◆ Exercise:
Line for line, return the data exactly, omitting all pictures.

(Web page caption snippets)
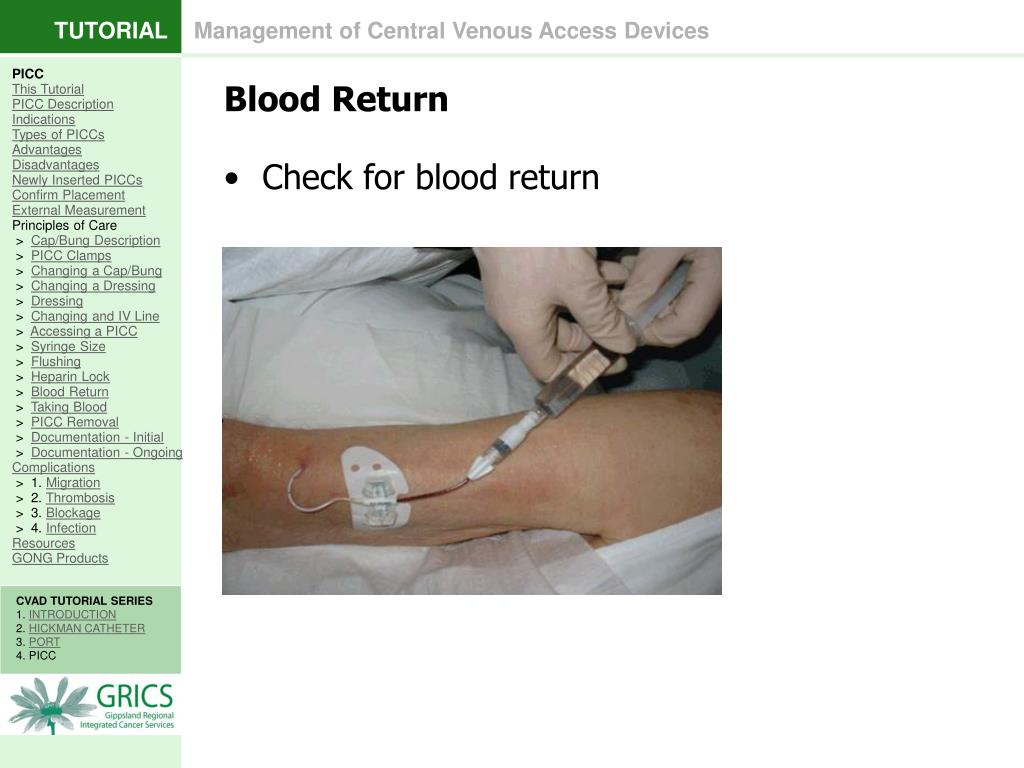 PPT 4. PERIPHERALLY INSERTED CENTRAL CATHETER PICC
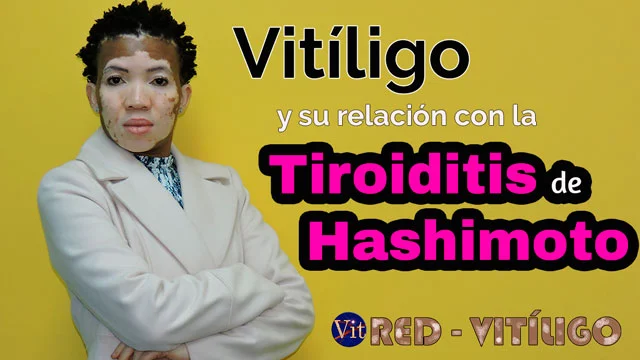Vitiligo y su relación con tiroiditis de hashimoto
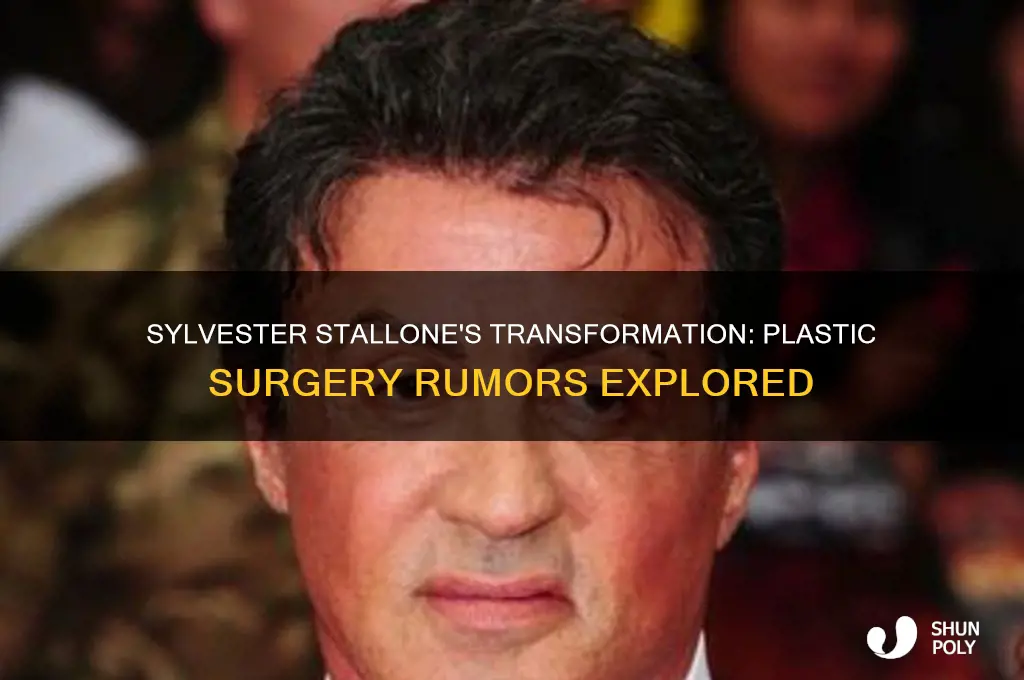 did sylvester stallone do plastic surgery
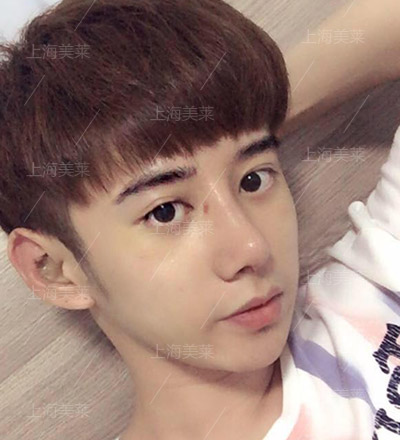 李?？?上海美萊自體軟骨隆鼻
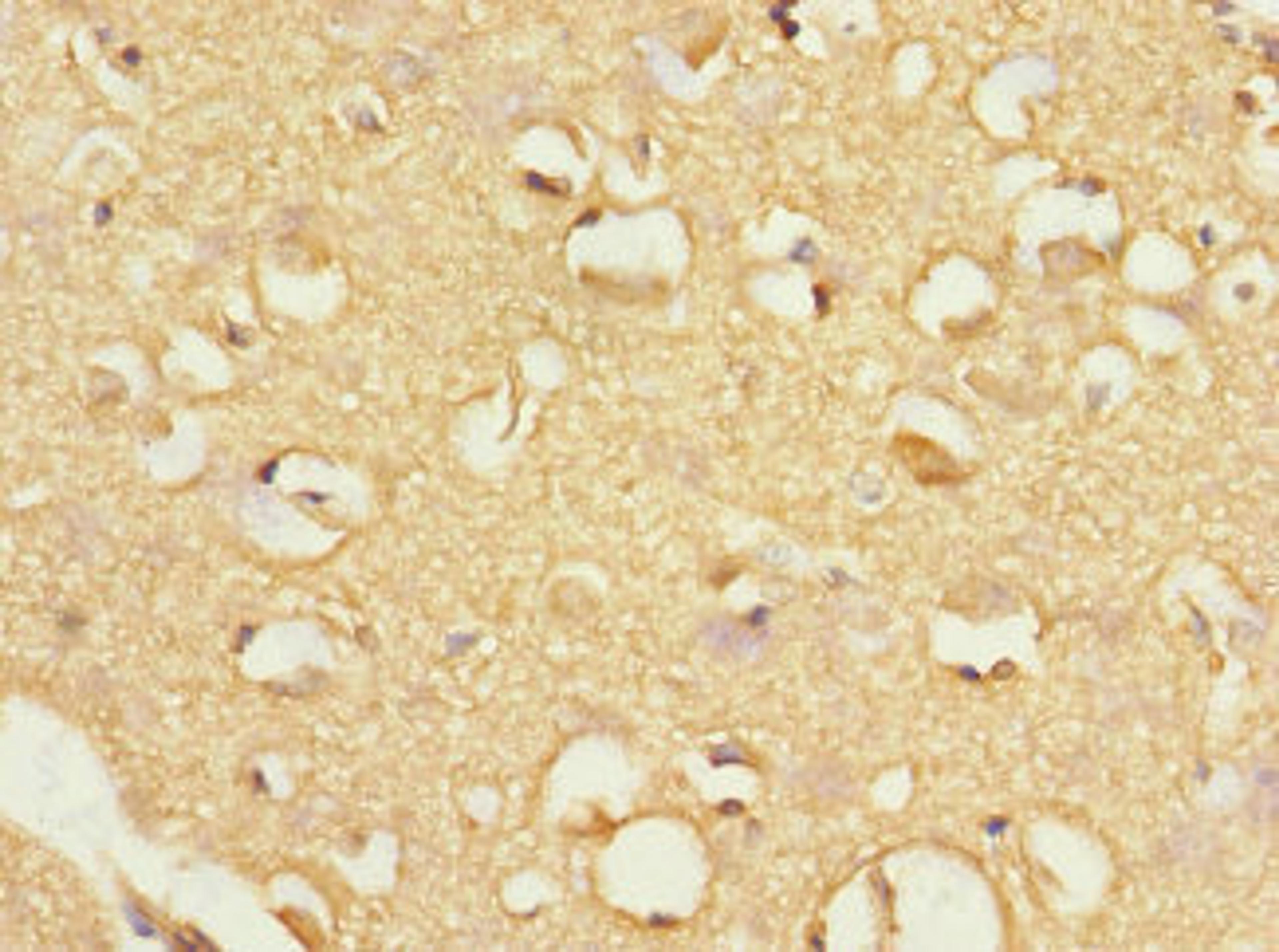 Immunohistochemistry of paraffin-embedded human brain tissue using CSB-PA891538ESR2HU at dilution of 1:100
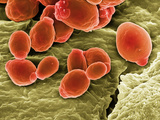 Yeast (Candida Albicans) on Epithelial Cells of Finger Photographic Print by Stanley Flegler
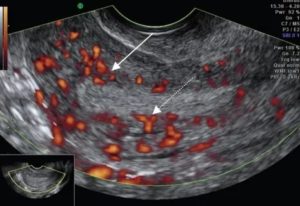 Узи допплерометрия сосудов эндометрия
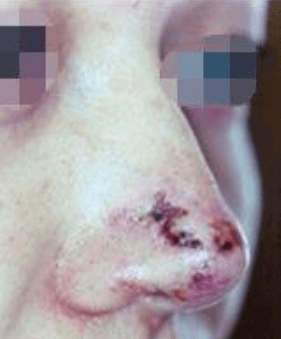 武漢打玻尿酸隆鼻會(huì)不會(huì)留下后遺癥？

◆ Task response:
 PPT 4. PERIPHERALLY INSERTED CENTRAL CATHETER PICC
Vitiligo y su relación con tiroiditis de hashimoto
 did sylvester stallone do plastic surgery
 李?？?上海美萊自體軟骨隆鼻
 Immunohistochemistry of paraffin-embedded human brain tissue using CSB-PA891538ESR2HU at dilution of 1:100
 Yeast (Candida Albicans) on Epithelial Cells of Finger Photographic Print by Stanley Flegler
 Узи допплерометрия сосудов эндометрия
 武漢打玻尿酸隆鼻會(huì)不會(huì)留下后遺癥？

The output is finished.